DATA SUPPLIED:
_ _ _ _ _ _ _

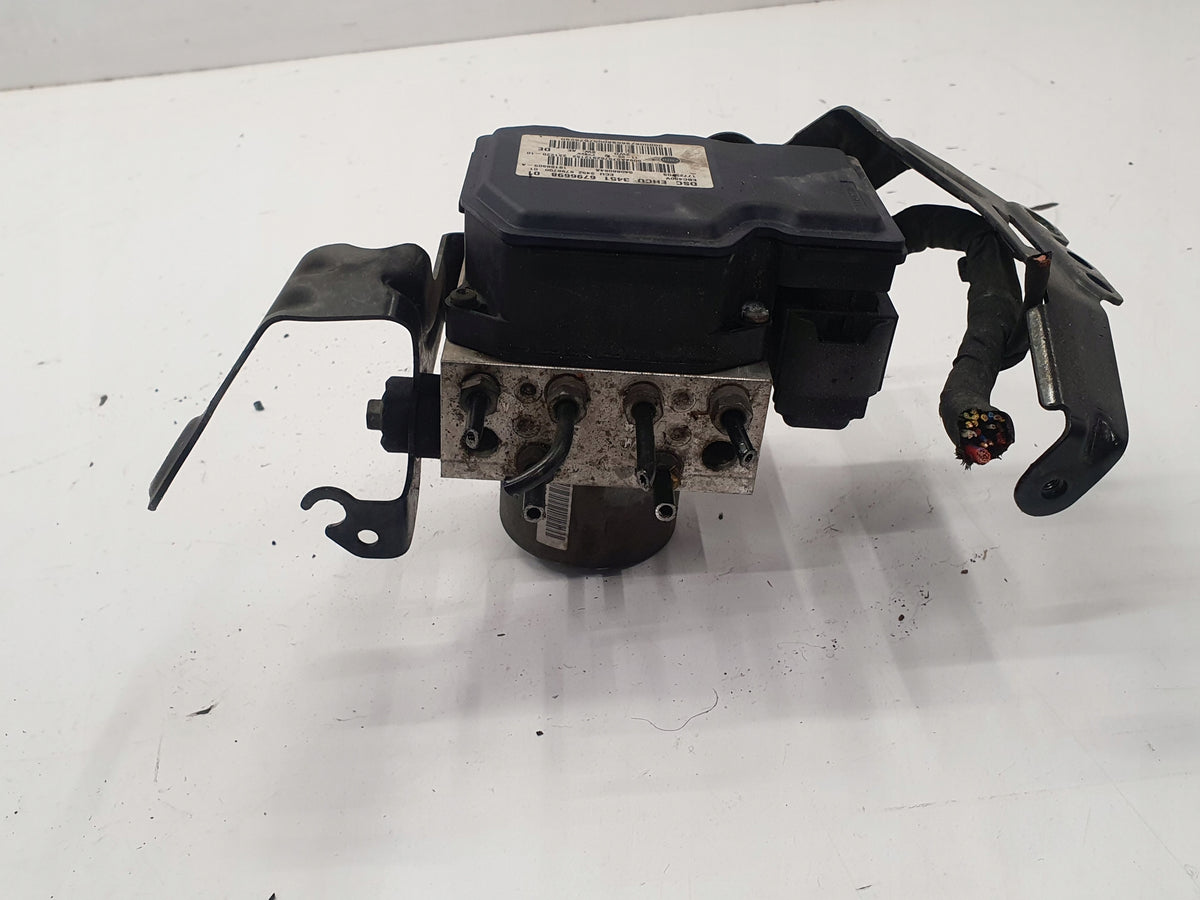 MINI COUNTRYMAN R56 R60 PUMP DRIVER ABS 6796698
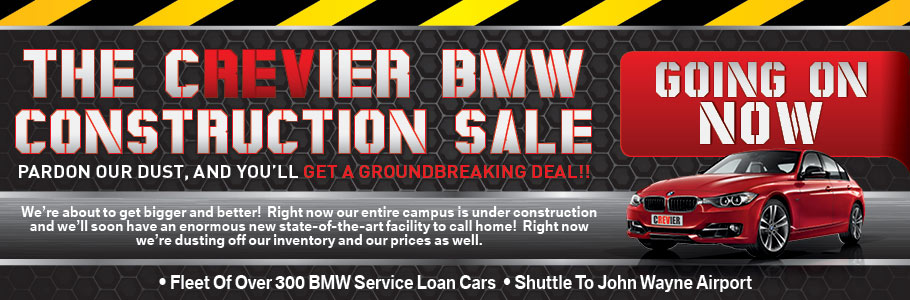 Construction sale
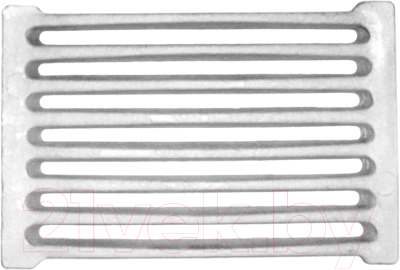 Решетка колосниковая Балезинский ЛМЗ РУ-3 Б - фото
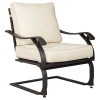 Wandon Springback deep seat lounge chair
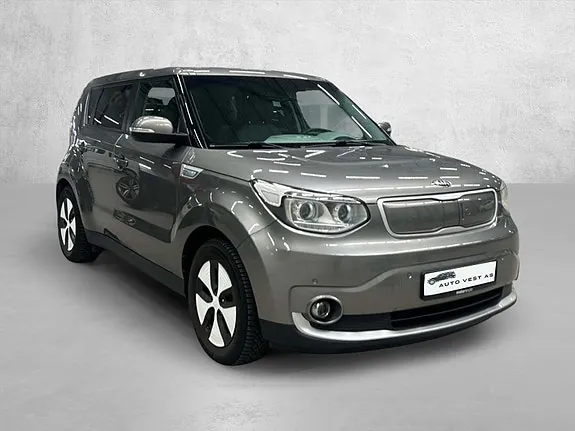 Kia Soul 2016 photo 2
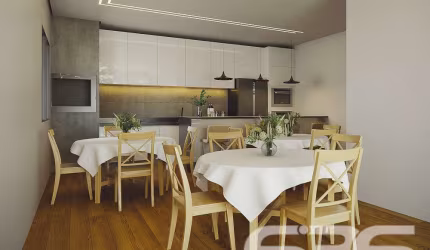 Apartamento | Joinville | Costa e Silva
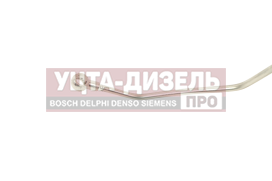 Изображение раздела трубка топливная камаз-евро-3 дренажная форсунок правая truckmark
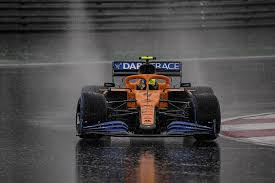 Although f1 is without much to prove far more advanced than nascar, to me, it would be better to. F1 Cars Felt No Quicker On Slippery Turkey Track Than F2 Norris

_ _ _ _ _ _ _

BRIEF:
Retype all the data exactly, please, without pictures.

RESULT OF THE EXERCISE:
 MINI COUNTRYMAN R56 R60 PUMP DRIVER ABS 6796698
 Construction sale
 Решетка колосниковая Балезинский ЛМЗ РУ-3 Б - фото
 Wandon Springback deep seat lounge chair
 Kia Soul 2016 photo 2
 Apartamento | Joinville | Costa e Silva
 Изображение раздела трубка топливная камаз-евро-3 дренажная форсунок правая truckmark
 Although f1 is without much to prove far more advanced than nascar, to me, it would be better to. F1 Cars Felt No Quicker On Slippery Turkey Track Than F2 Norris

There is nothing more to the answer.